In Step 202, the model coordinator provides the trained ML model and the confidence threshold to a shared communication layer. In one or more embodiments, the confidence threshold and the trained ML model may be provided to the shared communication layer using any means of conveying data from one device or portion thereof to another device, portion of the same device, etc. As an example, the model coordinator may transmit the trained ML model and the confidence threshold to the shared communication layer via a network to be stored in storage of the shared communication layer. In one or more embodiments, the trained ML model and the confidence threshold are associated with one another in the shared communication layer.
In Step 204, a fresh indication is associated with the trained ML model in the shared communication layer. In one or more embodiments, an indication is any data capable of being associated with another item of data and indicating a status related to the other data item. In one or more embodiments, a fresh indication is an indication that the trained ML model has not yet had drift detected at any of the edge nodes that obtain and execute the ML model.
In Step 206, the model coordinator makes a determination as to whether drift has been detected. Drift detection by the edge nodes is discussed further in the description of FIG. 2B, below. In one or more embodiments, when an edge node detects drift of the trained ML model obtained from a shared communication layer, the edge node sends a drift signal to the model coordinator. The drift signal may be any signal capable of conveying information from an edge node to a model coordinator. As an example, a drift signal may be a message set using a network protocol from an edge node to the model coordinator. The model coordinator may use any number of drift signals to determine that drift is detected. As an example, a single drift signal from a single edge node may cause the model coordinator to determine that drift is detected. As another example, a drift signal from a pre-defined number of edge nodes may cause the model coordinator to determine that drift is detected. As another example, a series of drift signals from the same edge node or edge nodes over a certain amount of time may cause the model coordinator to determine that drift is detected. In one or more embodiments, if drift has not been detected, the method remains at Step 206, and the model coordinator continues to wait for drift signals from the edge nodes. In one or more embodiments, if the model coordinator determines that drift is detected, the method proceeds to Step 208.
In Step 208, the model coordinator changes the indication associated with the ML model in the shared communication layer from a fresh indication to a drifted indication. In one or more embodiments, a drifted indication associated with a ML model indicates that the model coordinator has determined that drift is detected for the ML model (see Step 206). In one or more embodiments, the change of the indication for the ML model from fresh to drifted is obtained by the edge nodes at any time. For example, each edge node may periodically check the shared communication layer to obtain an updated status for the ML model. At such times, the edge nodes may become aware that a ML model they are executing has been associated with a drifted indication.
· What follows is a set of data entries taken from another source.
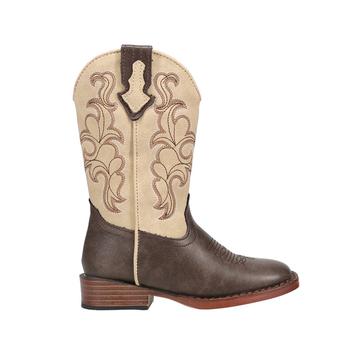 商品Roper | Blaze Tan Shaft Square Toe Cowboy Boots  (Youth),商家SHOEBACCA,价格¥286图片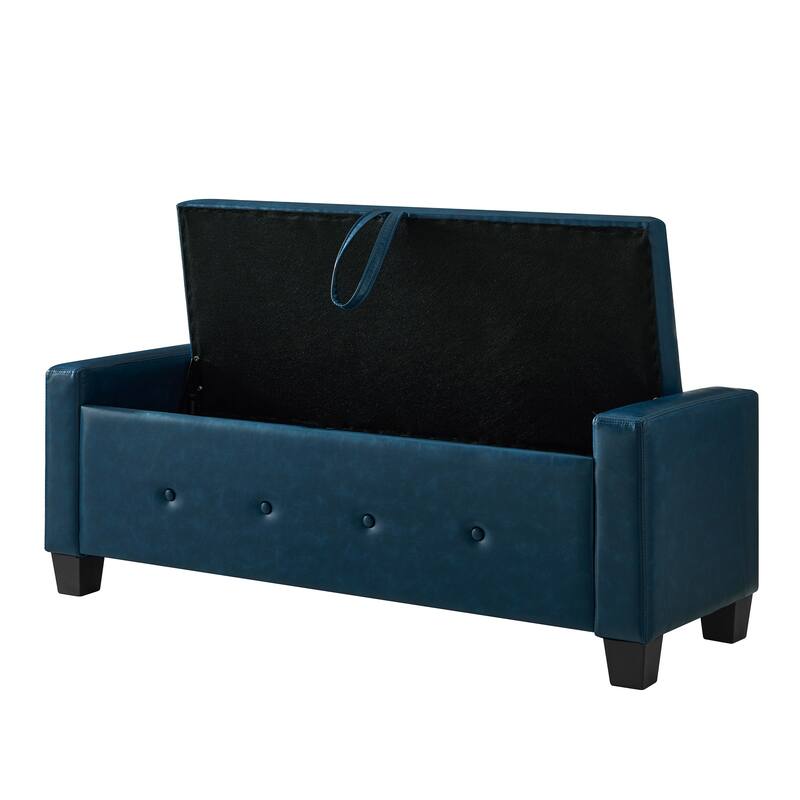 Tufted Faux Leather Storage Ottoman Bench for Bedroom, Living Room & Hallway, 48" Multifunctional Upholstered End of Bed Bench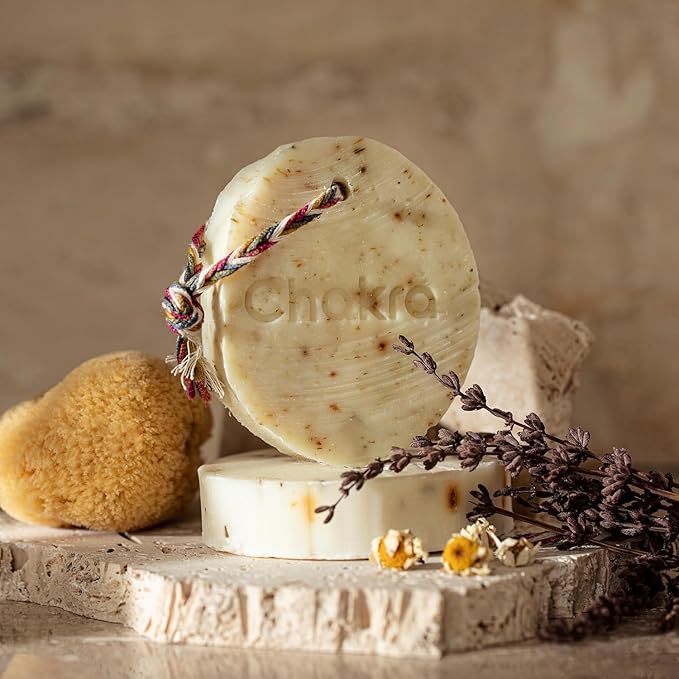Chakra Oval Lavender & Chamomile Bar Soap - Paraben & Additive Free Handmade Soap Bar for Face, Body and Hands, Gentle Cleansing for Daily Skin Care, 7 oz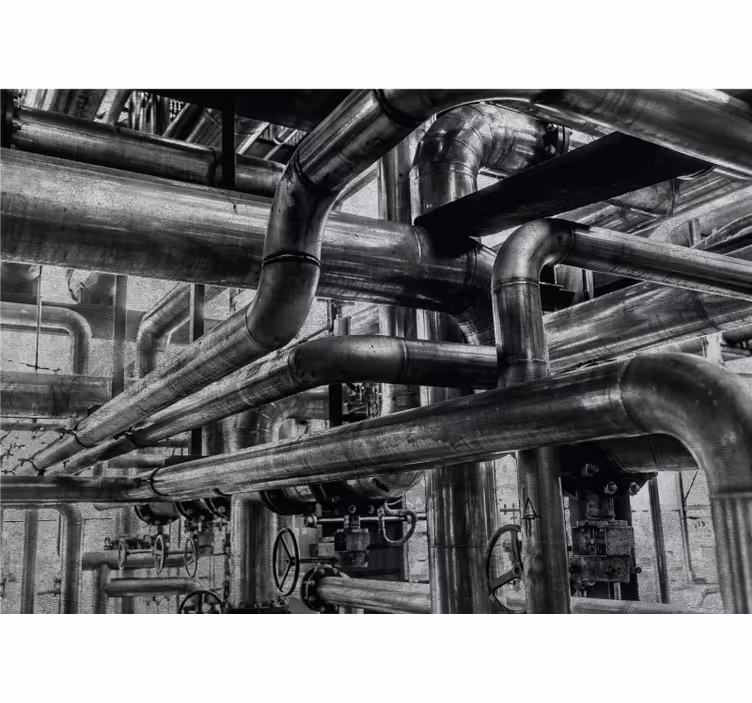 Fotomural moderno Muro de hormigón industrial con tubos. - TenVinilo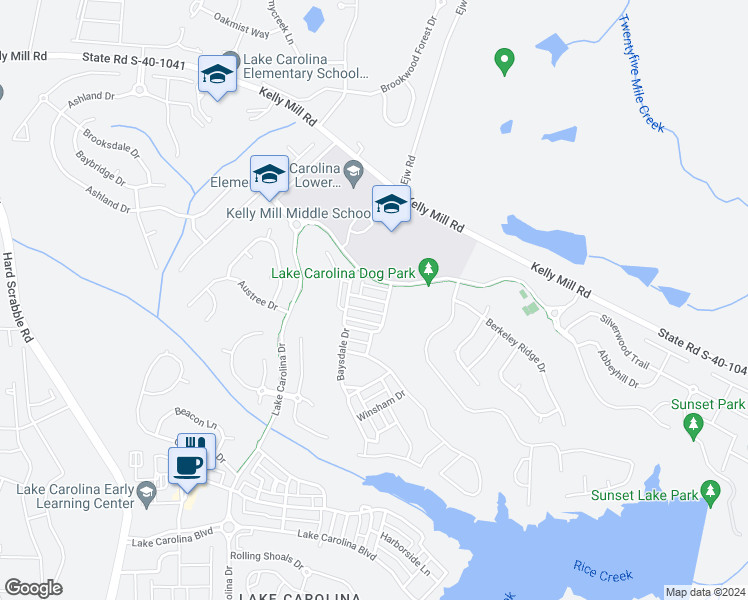 map of restaurants, bars, coffee shops, grocery stores, and more near 318 Castleburg Lane in Columbia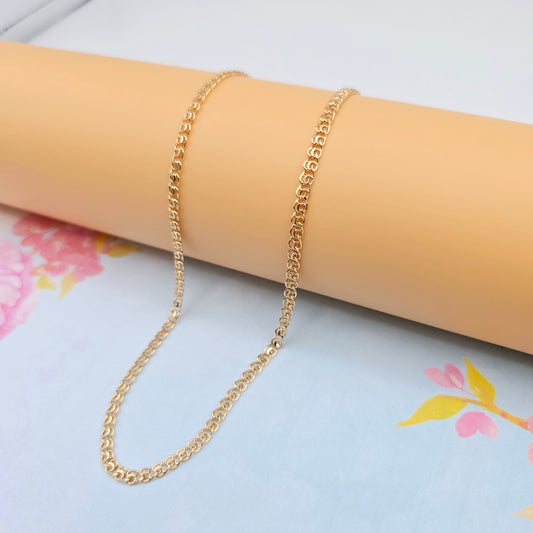 Elegant Rose Gold Round Link Chain Necklace, 17.3 Inch Lightweight, XPNL0086 (2009-6)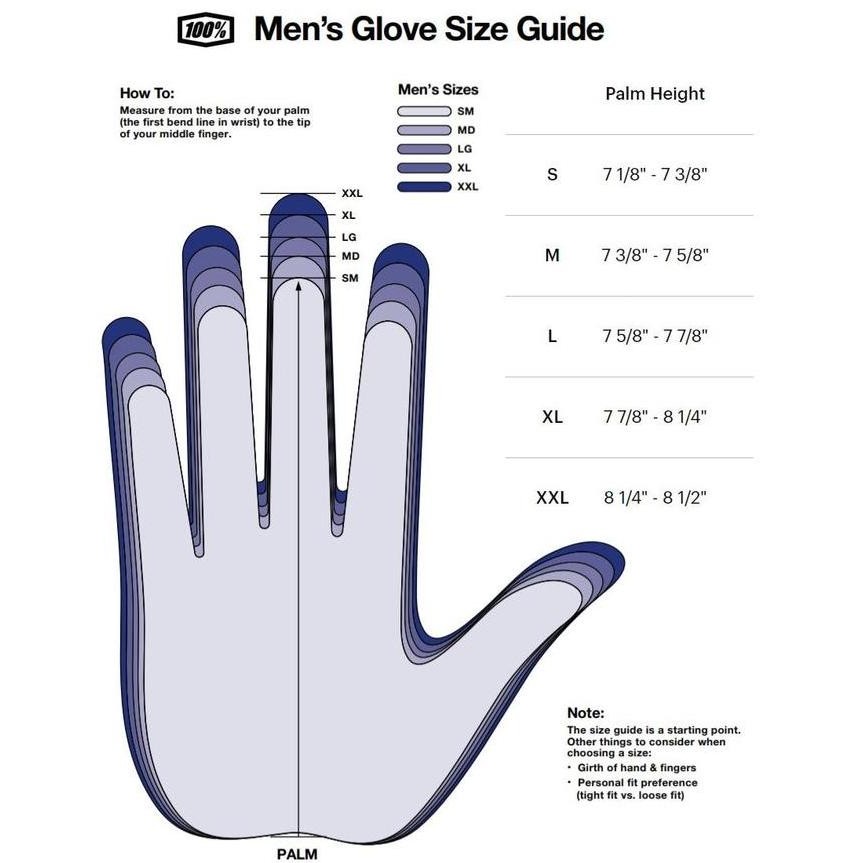 Glove 100% Cognito Black Charcoal / Gloves 100% ORIGINAL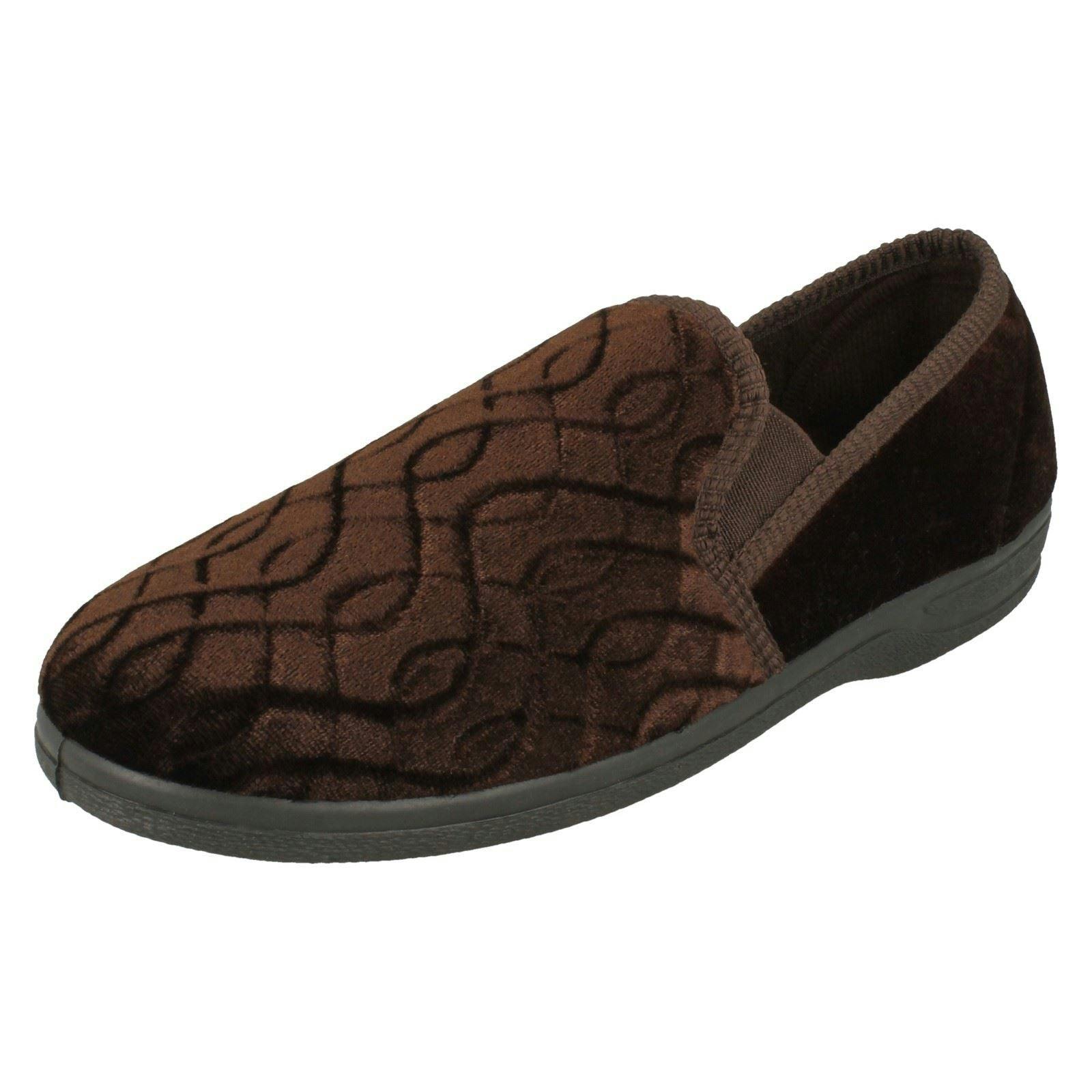 Spot On Men's Brown Slippers Pattern Detailed Full Slipper Leo - Uk 6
In Step 210, the model coordinator begins receiving batch data from the edge nodes, which the edge nodes begin sending in response to determining that a model has been marked with a drifted indication. In one or more embodiments, batch data is sets of data used as inputs for a ML model being executed at the edge nodes. The model coordinator may receive the batch data via any technique for obtaining information from the edge nodes. As an example, the edge nodes, in response to seeing that the ML model has a drifted indication, may begin storing batch data in the shared communication layer, and the model coordinator may obtain the stored batch data from the shared communication layer.
In Step 212, the model coordinator makes a determination as to whether enough batch data has been received from the edge nodes. In one or more embodiments, the model coordinator waits for and collects the batch data sent by the edge nodes. In one or more embodiments, the model coordinator periodically evaluates whether the collected batch data is sufficiently representative for the training of a new ML model. In one or more embodiments, such evaluation may include an active analysis of the characteristics of the batch data in comparison to the historical data set; or an assessment of the variety of the data with respect to the edge nodes of origin (e.g., the model coordinator may require batches from a majority or plurality of the edge nodes). In some embodiments, the model coordinator may only consider or otherwise favor in a predetermined proportion the batch data from edge nodes that have sent drift signals. In one or more embodiments, a determination as to whether enough batch data has been obtained includes, at least, a minimum number of batches collected. In one or more embodiments, the model coordinator waits until a minimum number of batches are collected, without considering any additional requirements. In one or more embodiments, if enough batch data has not been received, the method remains at Step 212, and the model coordinator waits for more batch data from the edge nodes. In one or more embodiments, if enough batch data has been received, the method proceeds to Step 214.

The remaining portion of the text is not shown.